Die Skala, die an 580 MS-Patienten und 160 gesunden Kontrollen validiert wurde, soll helfen, Ursachen und Therapiemöglichkeiten der MS besser zu erforschen. Sie besteht aus 17 Fragen mit einer Bewertung von 0 bis 4. Die Skala zeigt eine hohe Zuverlässigkeit, ist gut reproduzierbar und mit weniger Fragen ökonomischer auszuwerten als bisherige Fragebögen.

 

Cortison-Stoßtherapie

 

»Seit den 1990er-Jahren wurden verschiedene Therapiemaßnahmen für Patienten mit aktivem Krankheitsverlauf einer schubförmigen MS zugelassen«, informierte Privatdozent Dr.
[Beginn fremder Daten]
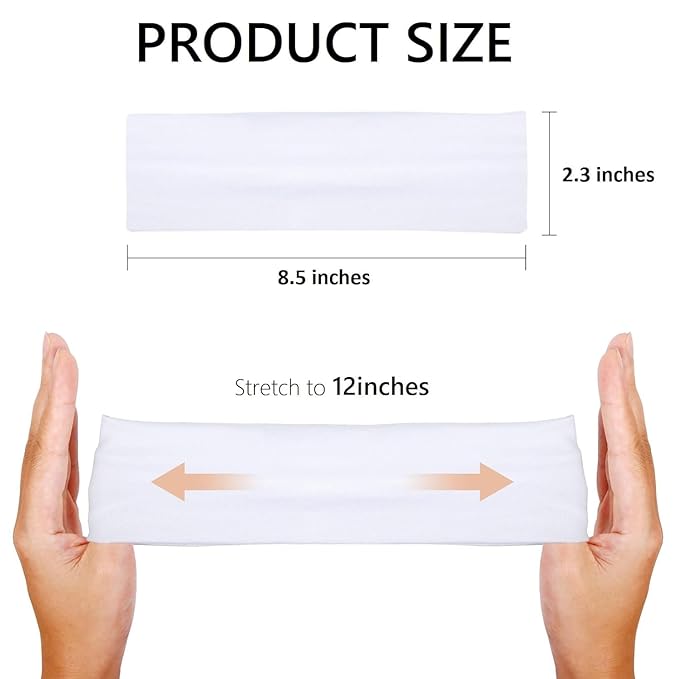 Pink Headbands for Women 16 Pack Elastic Hair Bands for Women' Hair Non Slip Soft Cloth Fabric Trendy Head Bands, White & Pink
Michael Haupts vom Zentrum für Medizinische Rehabilitation in Bielefeld. Wirksamkeit und Sicherheit der meisten Medikamente gegen MS sind in Studien mit Laufzeiten von zwei bis drei Jahren dokumentiert. Während eines akuten Schubs werden hoch dosiert Glucocorticoide über drei bis fünf Tage gegeben (»Cortison-Stoßtherapie«).

 

In zahlreichen Studien wurden die immunmodulatorischen Therapien in Bezug auf die Reduktion von Schubraten, Entzündungsherden im ZNS und Wirkeintritt verglichen. Bei der schubförmig-remittierenden Form der MS sind Glatirameracetat und drei in Deutschland zugelassene Interferon-&#946-Präparate Mittel der ersten Wahl.

 

Da es sich bei der MS-Behandlung um eine Langzeittherapie handelt, sind Langzeitdaten von großer Bedeutung. Der Immunmodulator Glatirameracetat verfügt mit einer zweijährigen randomisierten Zulassungsstudie, die seit zehn Jahren als prospektive Beobachtungsstudie fortgesetzt wird und in der die mittlere Behandlungsdauer der Patienten derzeit bei acht Jahren liegt, über solche Daten. Glatirameracetat besteht aus einem polymerisierten Gemisch der vier wichtigsten Aminosäuren des basischen Myelinproteins im selben Verhältnis wie beim Myelin. Es reduziert die Schubfrequenz und zeigt eine lang anhaltende Wirksamkeit. So ging die mittlere Schubfrequenz der Patienten von anfänglich 1,2 Schüben pro Jahr auf weniger als 0,2 Schübe im zwölften Therapiejahr zurück. Im Vergleich zu den Interferonen reduzierte Glatirameracetat am stärksten die Schubfrequenz.

 

Als Wirkungsmechanismus wird vermutet, dass Glatirameracetat die Zahl von T-Suppressorzellen, die die Entzündung im ZNS unterdrücken können, erhöht. Glatirameracetat ist indiziert zur Verminderung der Schubhäufigkeit bei Patienten, die ohne Hilfe gehfähig sind und bei denen mindestens zwei Schübe mit neurologischen Funktionsstörungen während der letzten beiden Jahre auftraten. In einer Dosierung von 20 mg/ml wird Copaxone einmal täglich subcutan gespritzt.